* [Required work]:
Please repeat every record exactly, leaving out any pictures.

☆ ☆ ☆ ☆ ☆

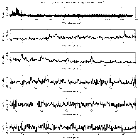 Counts Spectrum (1)_SN 1987A_obsid_20036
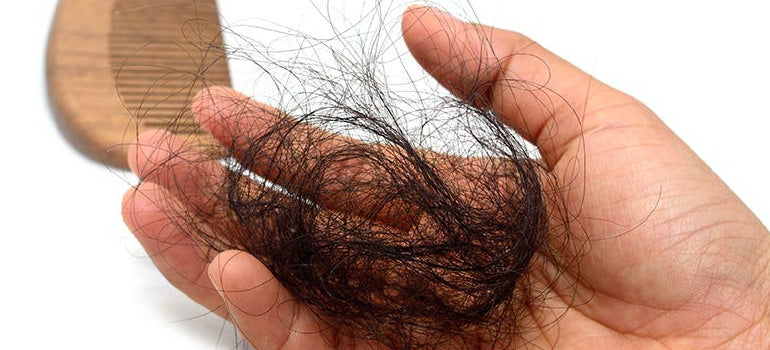 Causes and Treatments for Female Pattern Hair Loss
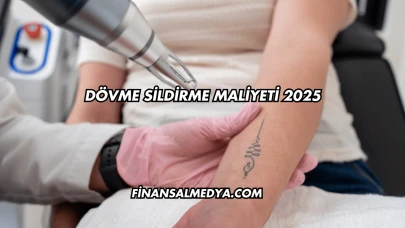 Dövme Sildirme Maliyeti 2025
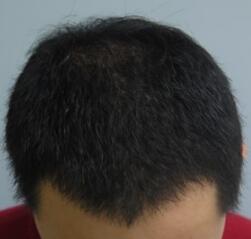 植發(fā)4個月了，期間有正常脫發(fā)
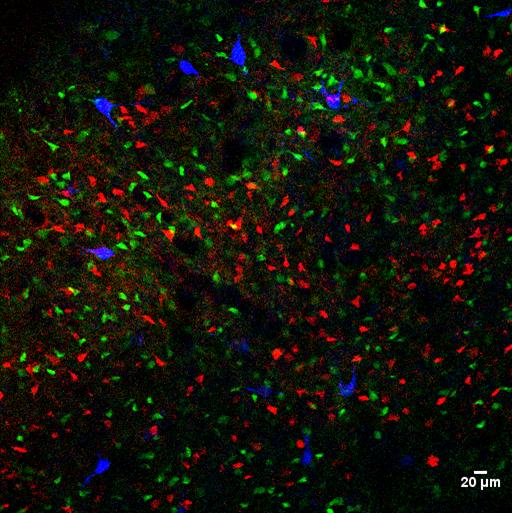 Striatum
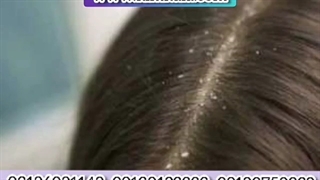 قوی ترین شامپو ضد شوره/۰۹۱۲۰۷۵۰۹۳۲/ضد شوره قوی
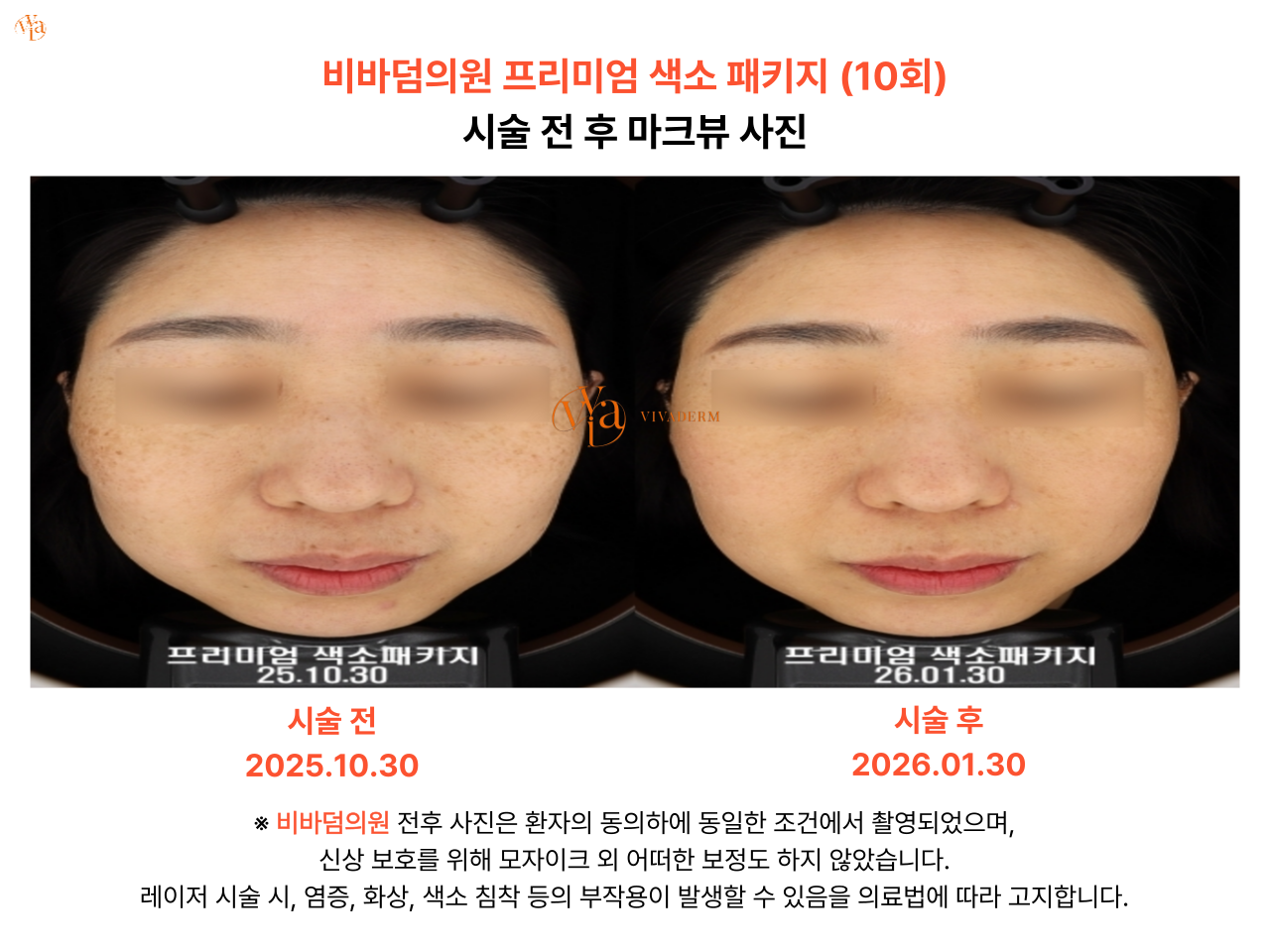 비바덤의원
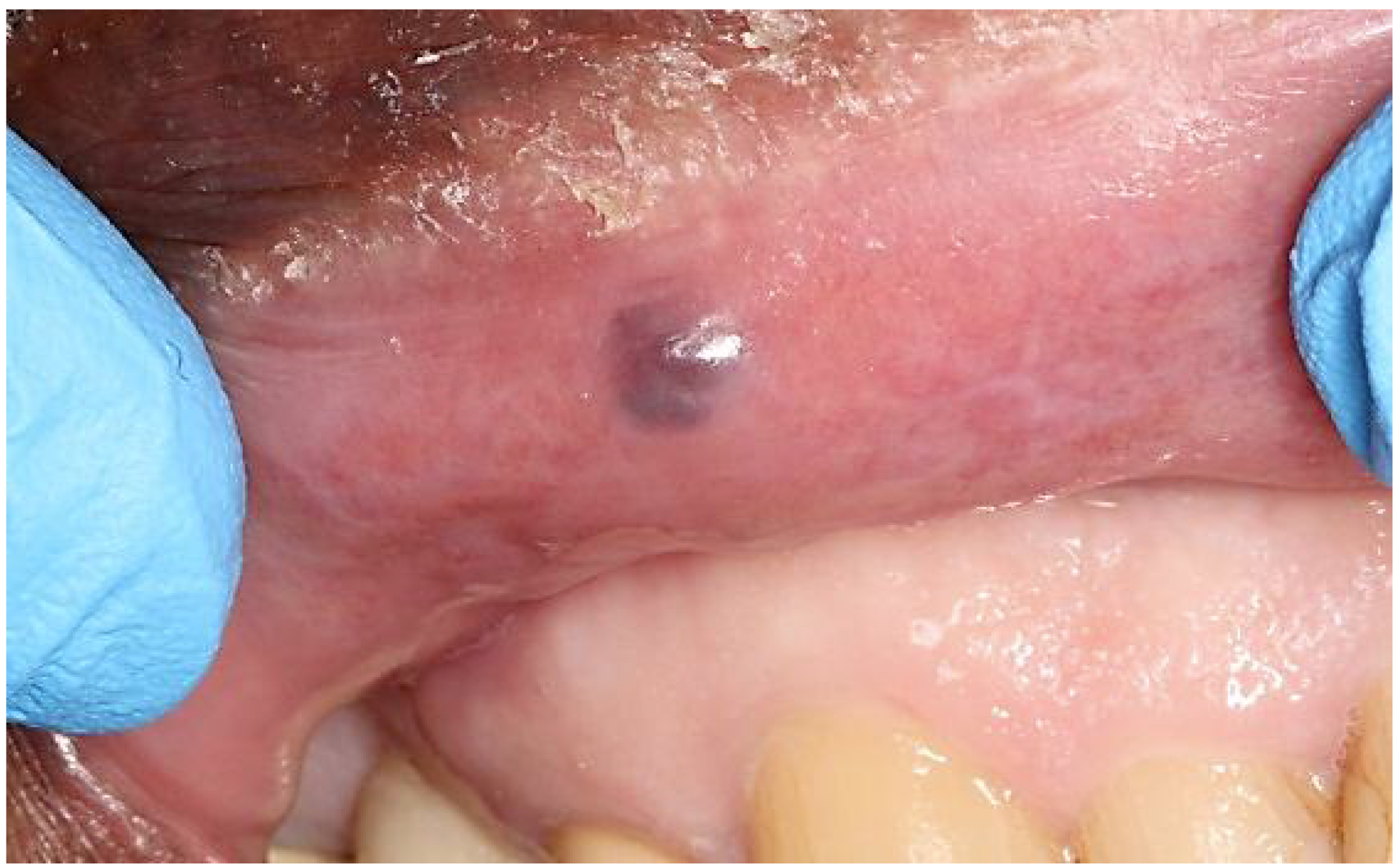 Normal Oral Cavity Findings and Variants of Normal IntechOpen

☆ ☆ ☆ ☆ ☆

* [Answer box]:
 Counts Spectrum (1)_SN 1987A_obsid_20036
 Causes and Treatments for Female Pattern Hair Loss
 Dövme Sildirme Maliyeti 2025
 植發(fā)4個月了，期間有正常脫發(fā)
 Striatum
 قوی ترین شامپو ضد شوره/۰۹۱۲۰۷۵۰۹۳۲/ضد شوره قوی
 비바덤의원
 Normal Oral Cavity Findings and Variants of Normal IntechOpen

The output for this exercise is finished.